▸ **Exercise description**
Beneath this task are the entries; from the line with "LPT Perfume Polish" through the last one, transcribe every line exactly and nothing else, skipping pictures.

▸ **Task material**

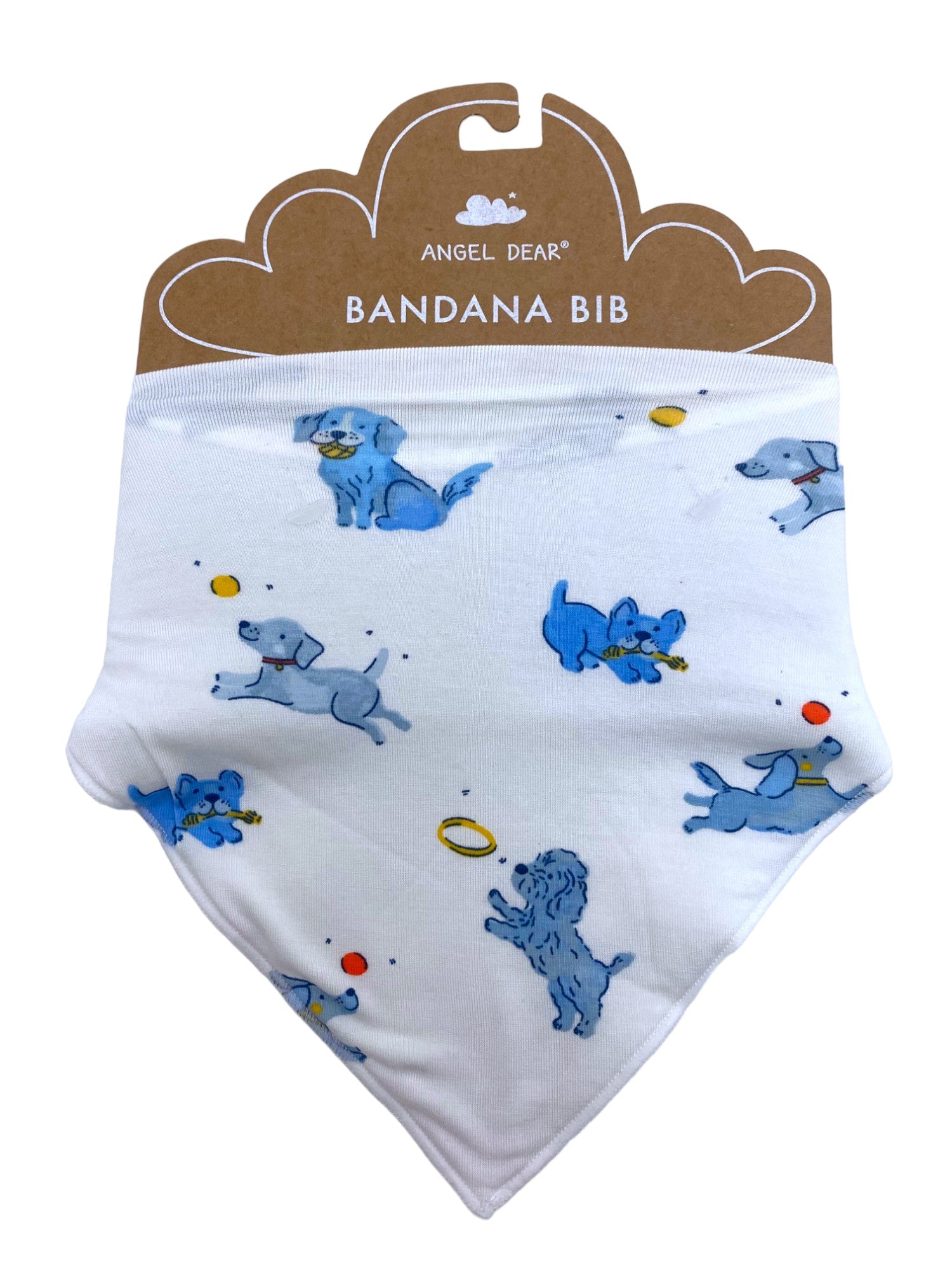 Angel Dear Bandana Bib Fall 24 178-F24 5108
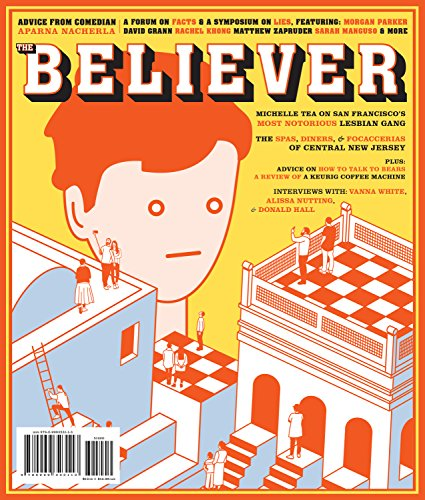 The Believer, Issue 118: April/May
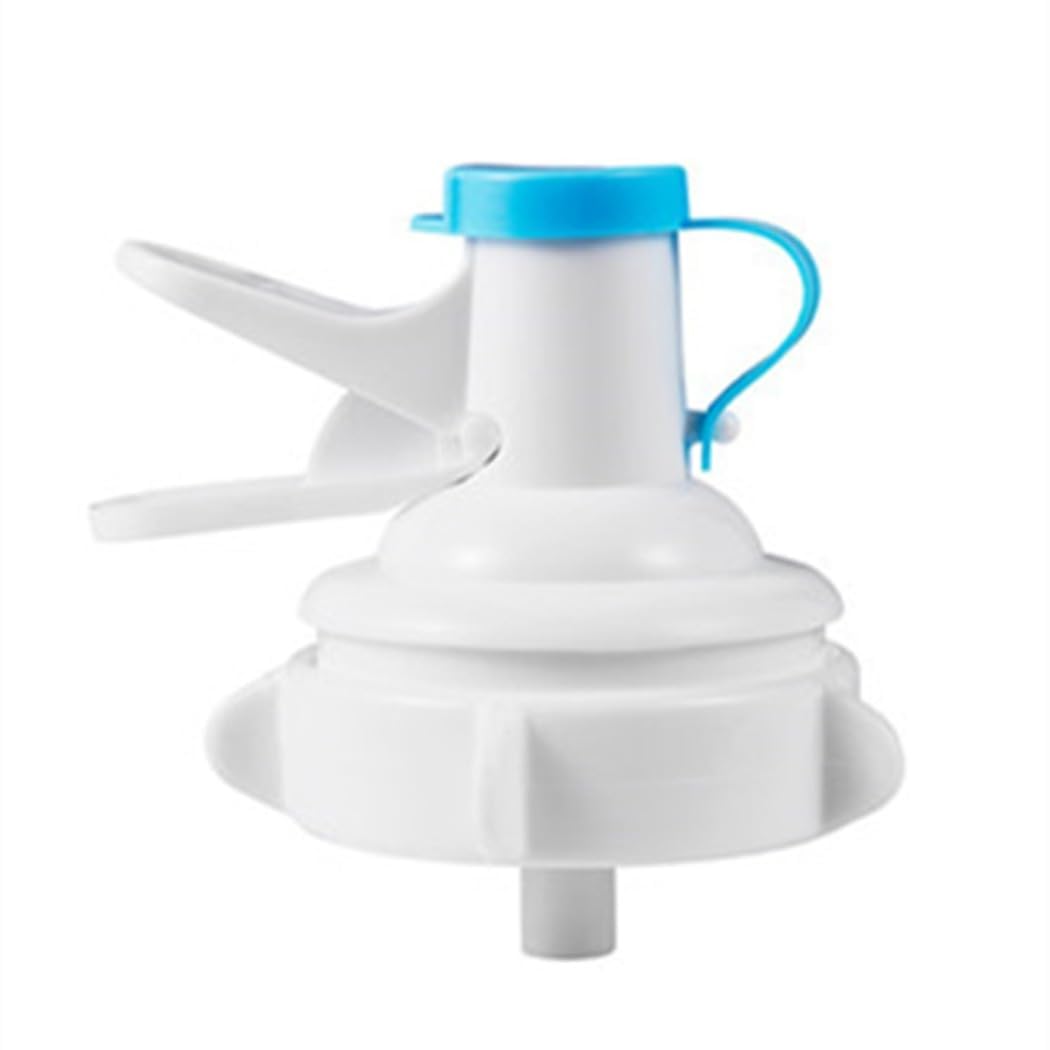 分かりやすい 実用的 ウォーターボトルトップスピゴット ディスペンサー弁膜 (4個) 日用品雑貨・文房具・手芸-その他
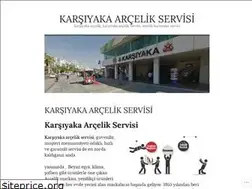 Sites similar to karsiyakaarcelik.wordpress.com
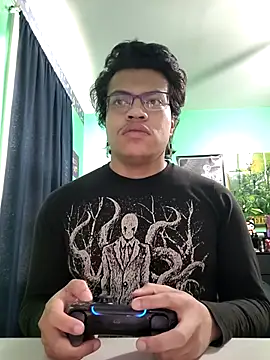 Snapshot of Crypticfreak50 chatting on November 7, 4:40 pm Crypticfreak50 online show from November 7, 4:40 pm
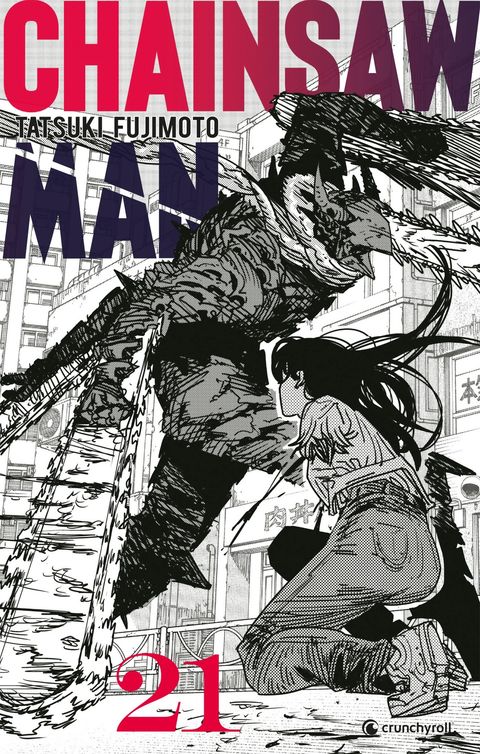 Couverture de l'album Chainsaw Man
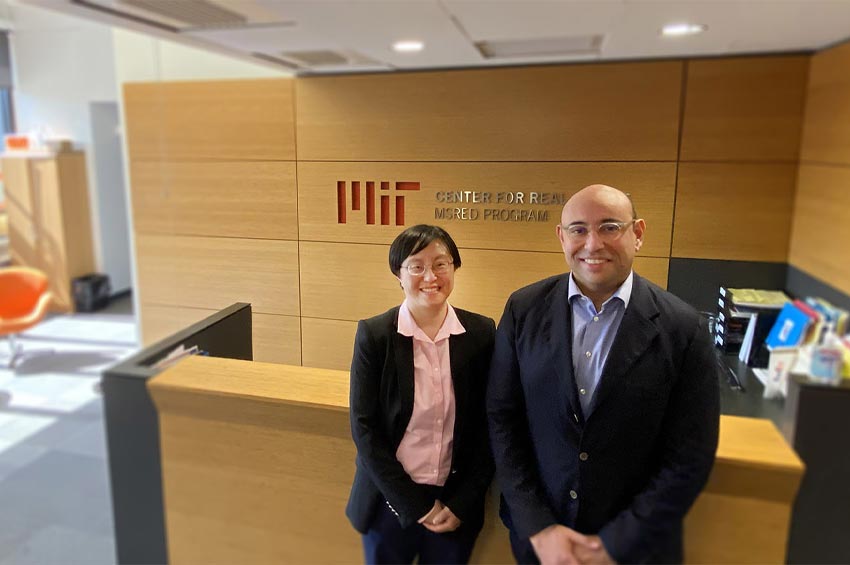 MAF Joins MIT/CRE as a Strategic Partner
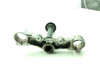 01 Suzuki GS500 Bottom Lower Triple Steering Tree Clamp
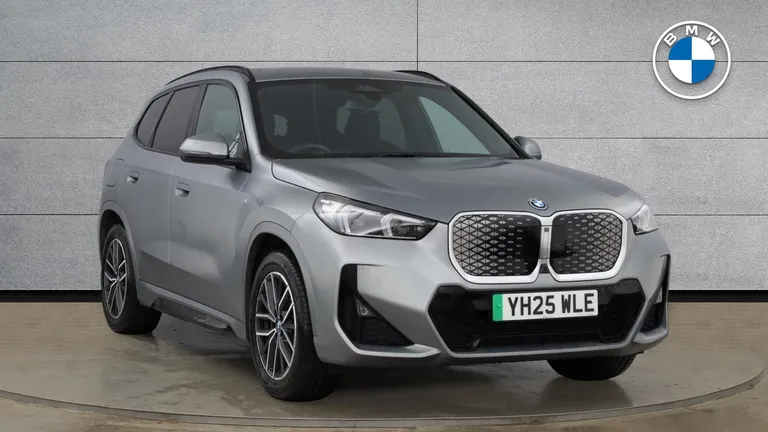 BMW iX1 30 66.5kWh M Sport Auto xDrive 5dr (11kW Charger) (YH25WLE) - Hero Image
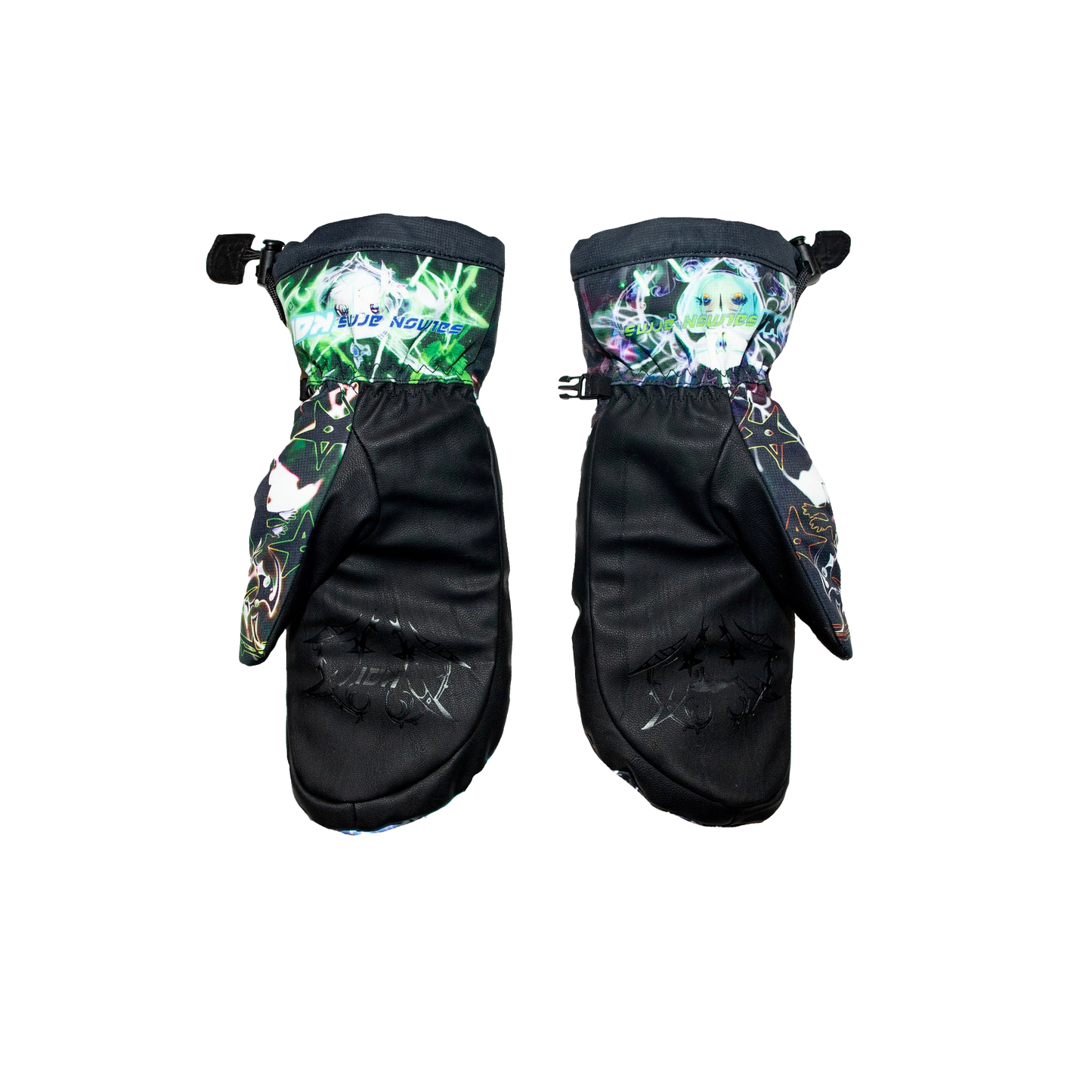 Salmon Arms Team Mitt 2025 - Kai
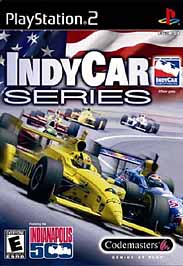 IndyCar Series - PS2 - Used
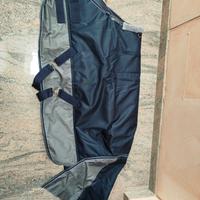 coperta da paddock per pony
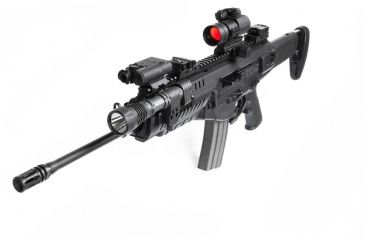 Image of Steiner Laser Devices ITAL-A Class IIIa Green Laser, Black 9035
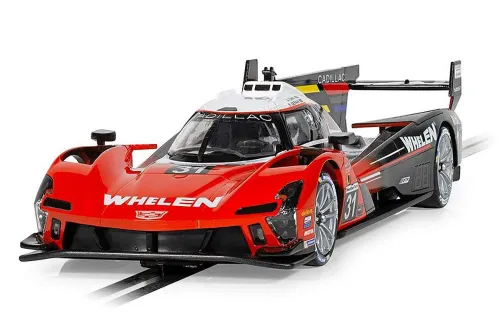 Scalextric Cadillac V-Series R. Whelen Engineering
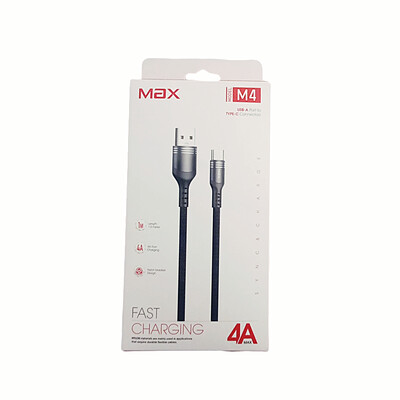 کابل شارژر  M4 TC  مکس MAX طول 1 متر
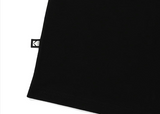 Rainbow Short-Sleeved T-Shirt【BLACK】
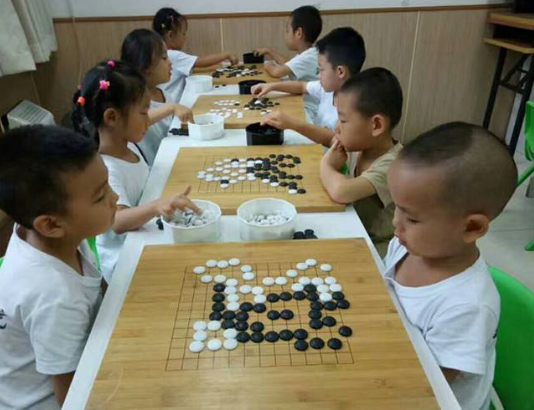 西城棋院少儿围棋加盟 西城棋院少儿围棋加盟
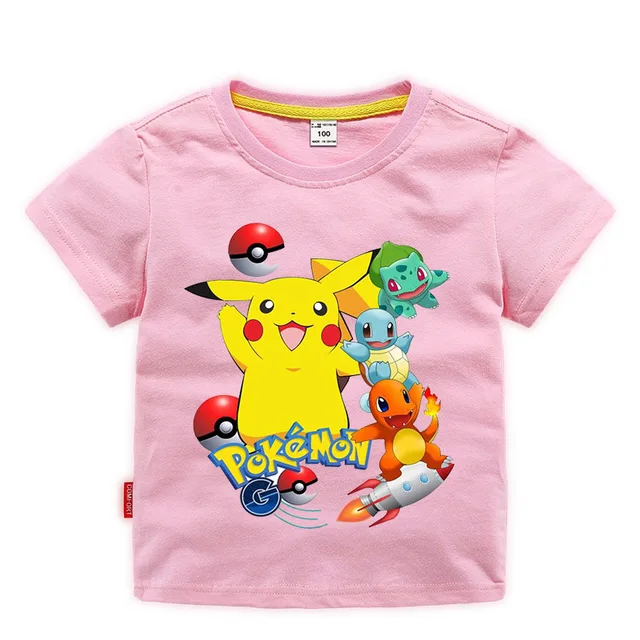 Baby Boy t Shirt for Children Cotton Summer 2021 shirt Print t-shirt for Girl Kids Clothes Tops Tee cute t shirts color 11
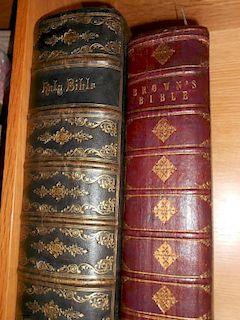 BIBLES. A Practical and Explanatory Commentary on the Old Testament, no date, J. Virtue, folio, fine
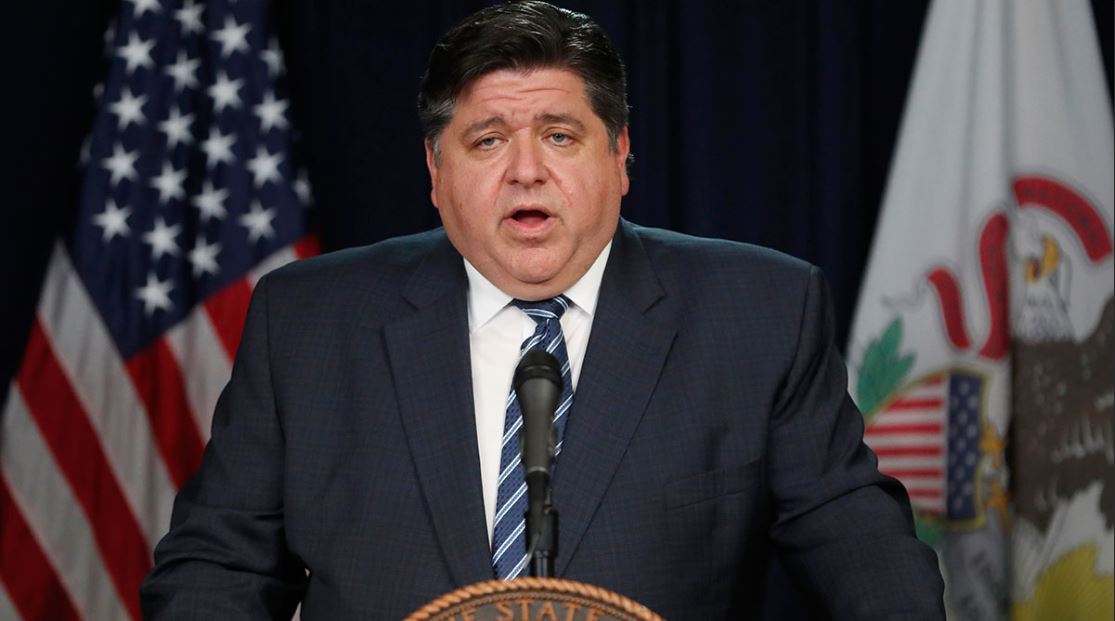 Illinois Governor J.B. Pritzker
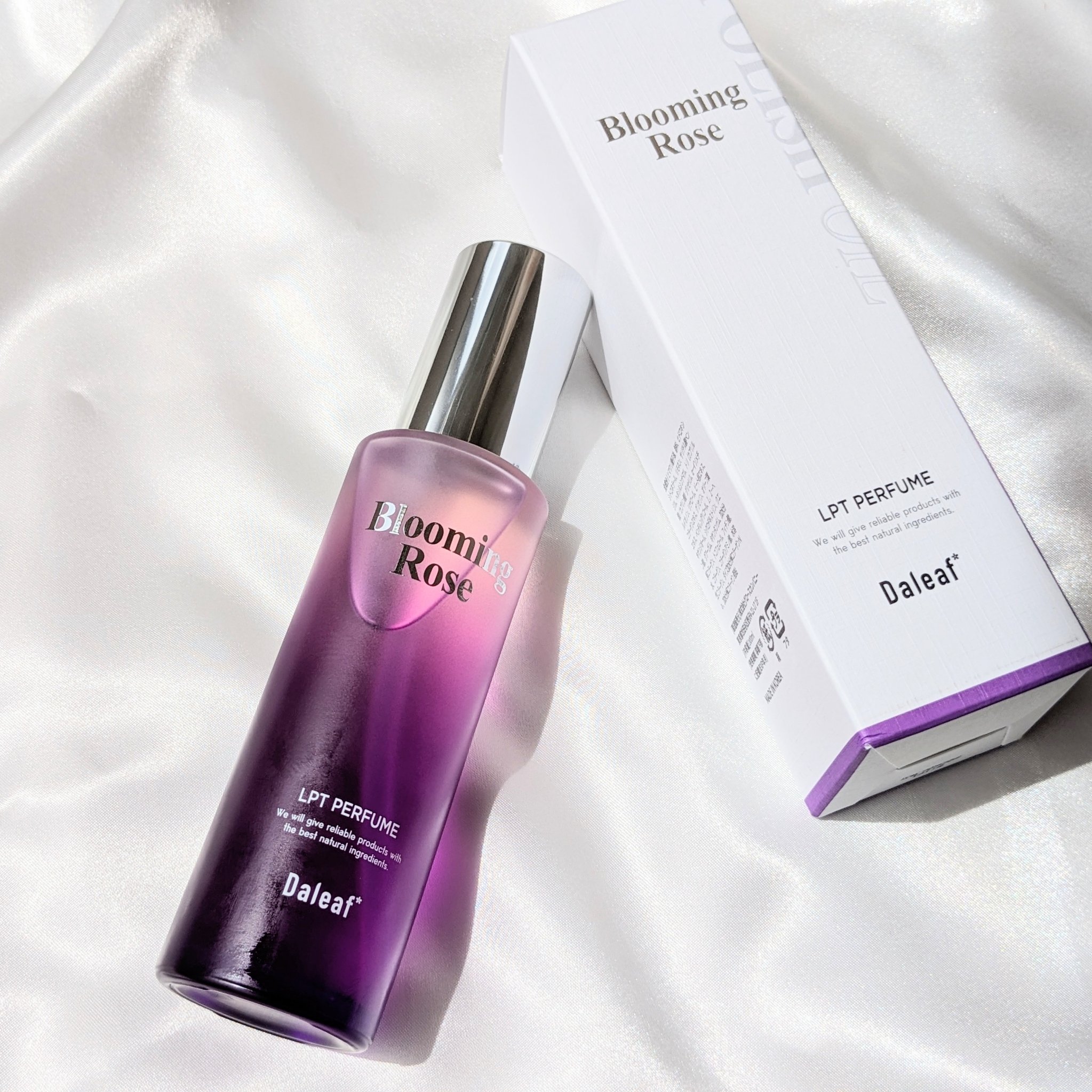 LPT Perfume Polish Oil Blooming Rose/Daleaf/その他スタイリングを使ったクチコミ（1枚目）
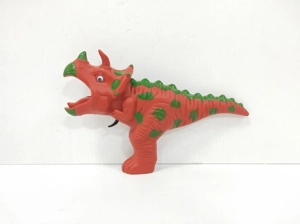 Dinosaur Flint Gun (Spray Painted)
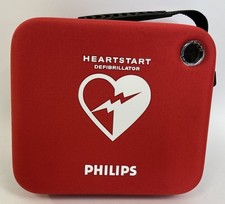 Philips HeartStart OnSite AED HS1 Carrying Case *Case Only* Free Shipping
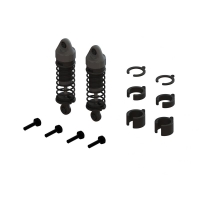 Arrma - Shock Set 58mm Length 2000cSt Oil (2pcs) (ARA-1252)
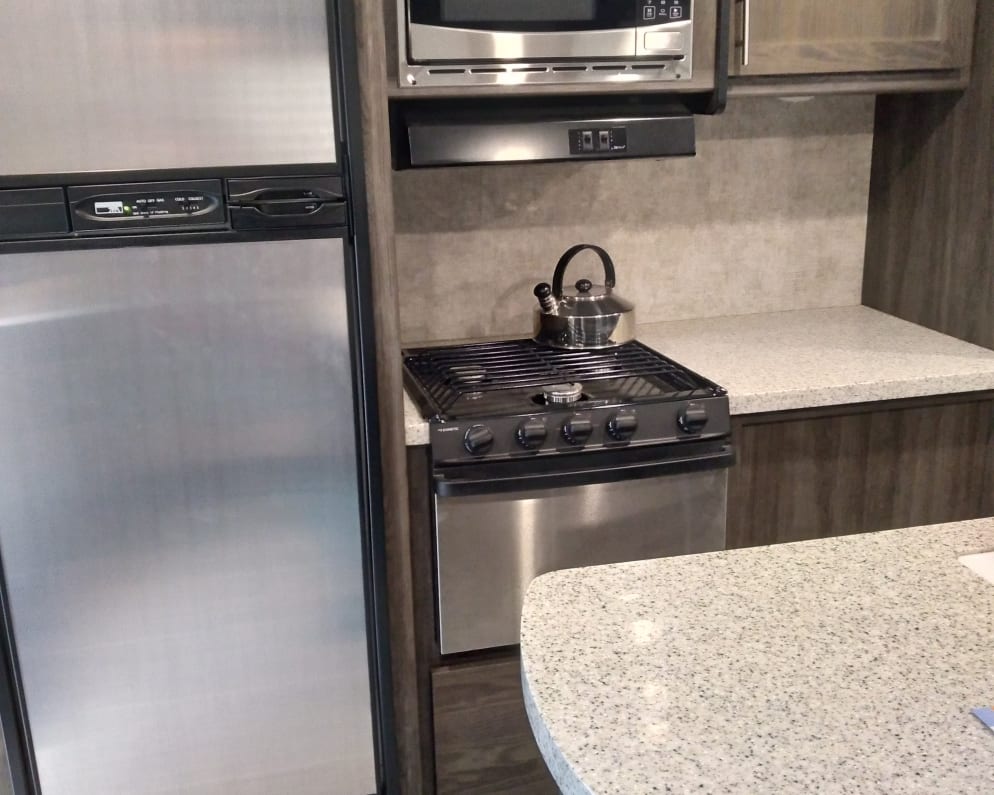 2018 Open Range Ultra Lite  by Highland Ridge RV for rent in 79567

▸ **Result of this task**
 LPT Perfume Polish Oil Blooming Rose/Daleaf/その他スタイリングを使ったクチコミ（1枚目）
 Dinosaur Flint Gun (Spray Painted)
 Philips HeartStart OnSite AED HS1 Carrying Case *Case Only* Free Shipping
 Arrma - Shock Set 58mm Length 2000cSt Oil (2pcs) (ARA-1252)
 2018 Open Range Ultra Lite  by Highland Ridge RV for rent in 79567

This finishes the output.